Lisa Traylor-Wolff of Logansport was appointed in January 2012 as S.W.’s public defender in a Cass County case in which he was sentenced to 30 years for convictions of robbery and criminal confinement. She represented him during his appeal until his conviction was affirmed by the Indiana Court of Appeals in mid-July 2012.

Between February 2012 and June 2012, Traylor-Wolff “developed a more personal relationship” with S.W., according to the notice of the institution of formal proceedings and statement of charges issued Monday by the Indiana Commission on Judicial Qualifications.

Traylor-Wolff allegedly provided S.W. with art, books and cash, and she completed a Bible study with him before the relationship became sexual.

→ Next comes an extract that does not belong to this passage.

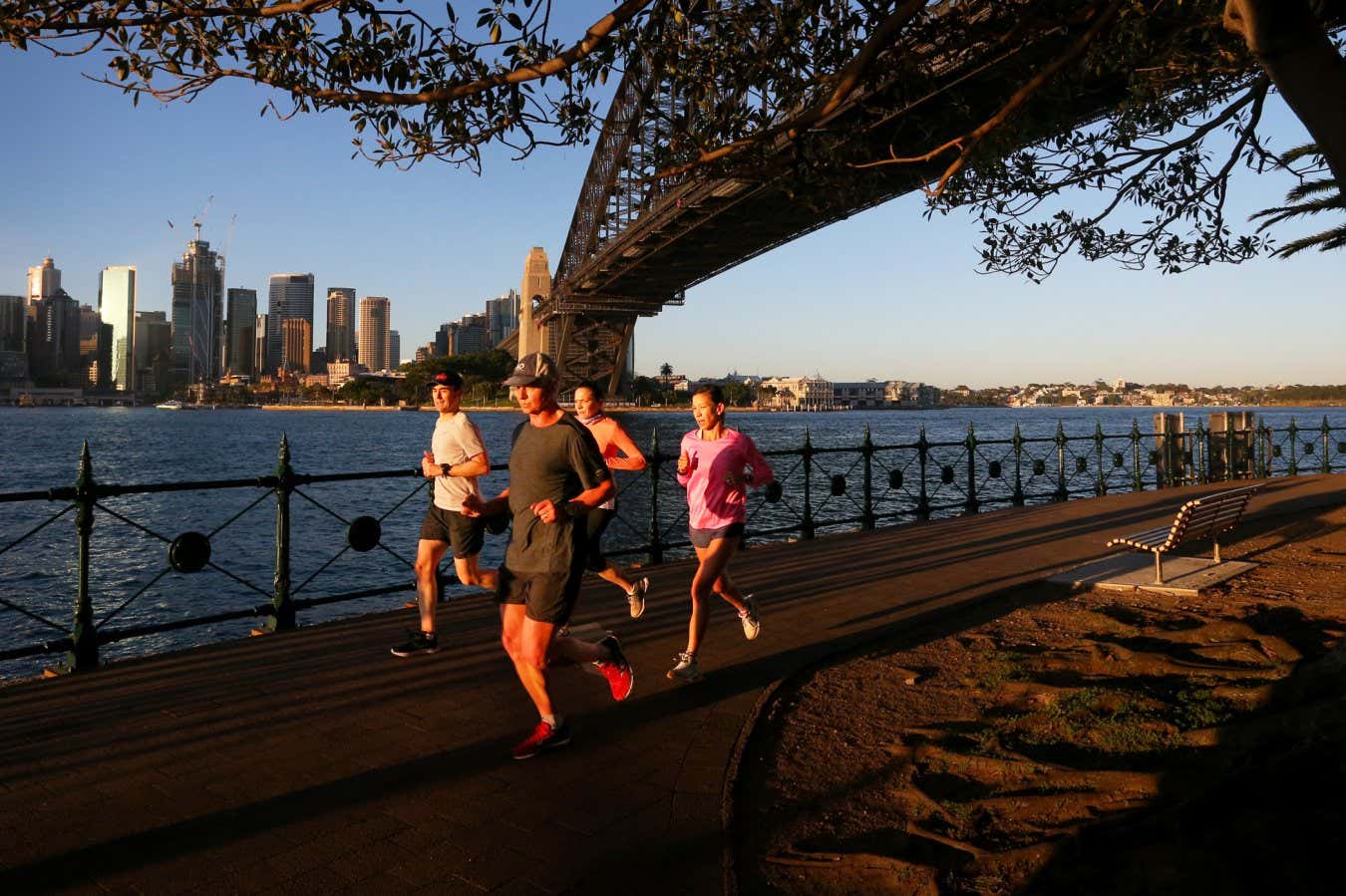 SYDNEY, AUSTRALIA - OCTOBER 06: Joggers move along the Milsons Point boardwalk at sunrise on October 06, 2021 in Sydney, Australia. The NSW government has outlined a roadmap for easing COVID-19 restrictions once the state reaches its 70% double vaccination target - which is expected to be achieved this week. From Monday 11 October restrictions will ease for those who are fully vaccinated, with up to five visitors permitted in a home, and up to 20 people allowed to gather outdoors. Gyms, indoor recreation and sporting facilities able to reopen while retail and hospitality can also reopen subject to density limits. Schools will begin to reopen from 18 October. The 5km rule will be lifted, but residents of Greater Sydney will not be allowed to travel into regional areas until the state reaches 80% double dose vaccinations. (Photo by Lisa Maree Williams/Getty Images)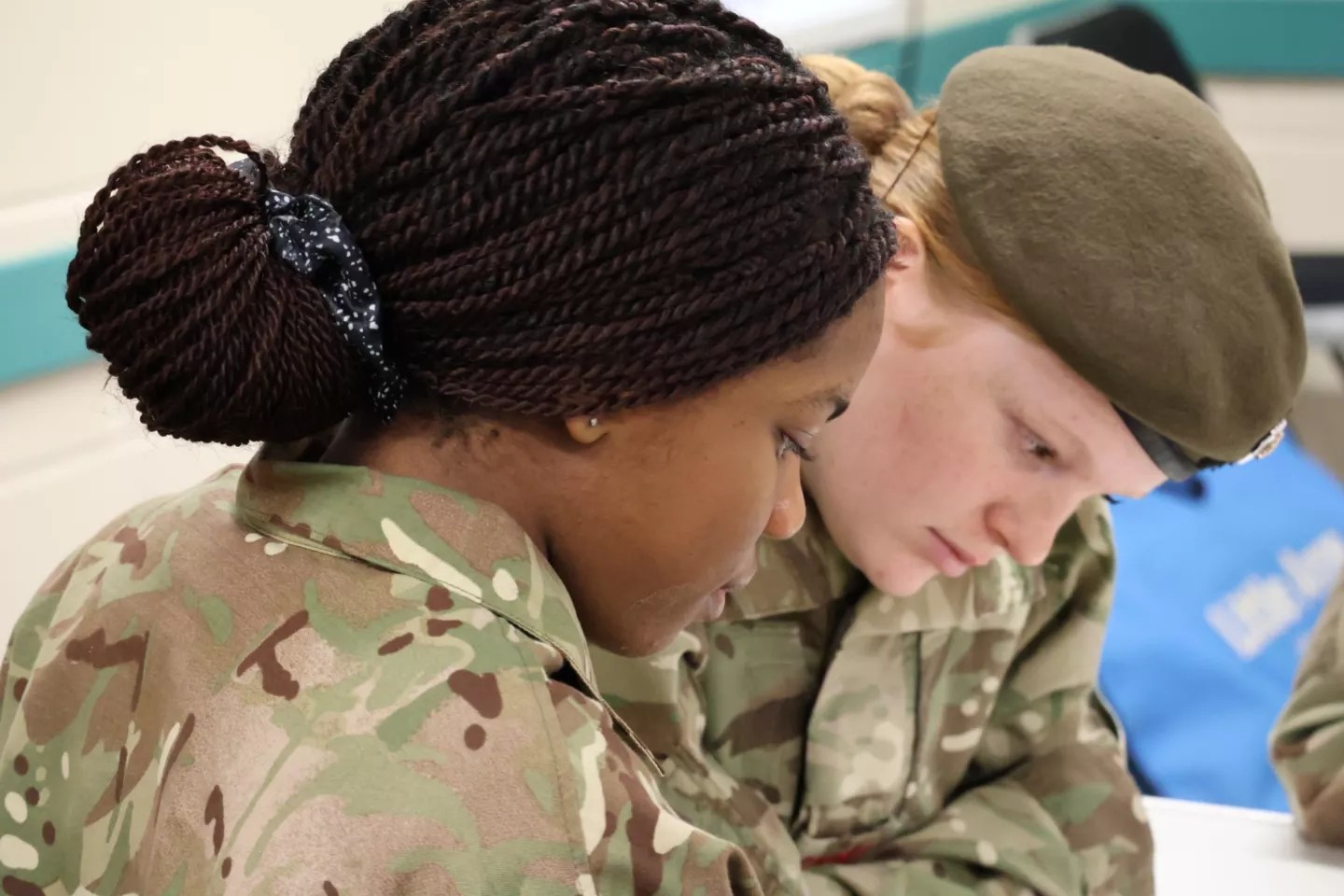 Two cadets wearing Army fatigues sit together at a desk, heads down as they study for their BTEC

The two kissed on multiple occasions during Traylor-Wolff’s visits with him in the prison’s attorney-client visitations rooms, according to the three counts against her. On a visit in June 2012, correction officers witnessed “excessive fondling with intent to sexually gratify over the clothing.”

The alleged conduct violates Rule 1.8(j) of the Indiana Rules of Professional Conduct and Miami Correctional Facility visitation rules, and S.W. was issued a disciplinary write-up and sanctioned with a loss of jail credit time.

The charges against Traylor-Wolff also accuse her of violating Rule 1.7(a)(2), prohibiting a lawyer from representing a client if there is significant risk that the representation will be materially limited by a personal interest of the lawyer.

Traylor-Wolff was certified as a senior judge at the time of the alleged violations, putting the discipline against her before the Judicial Qualifications Commission, according to Supreme Court Public Information Officer Kathryn Dolan. The former judge also is charged with violating rules of the Code of Judicial Conduct.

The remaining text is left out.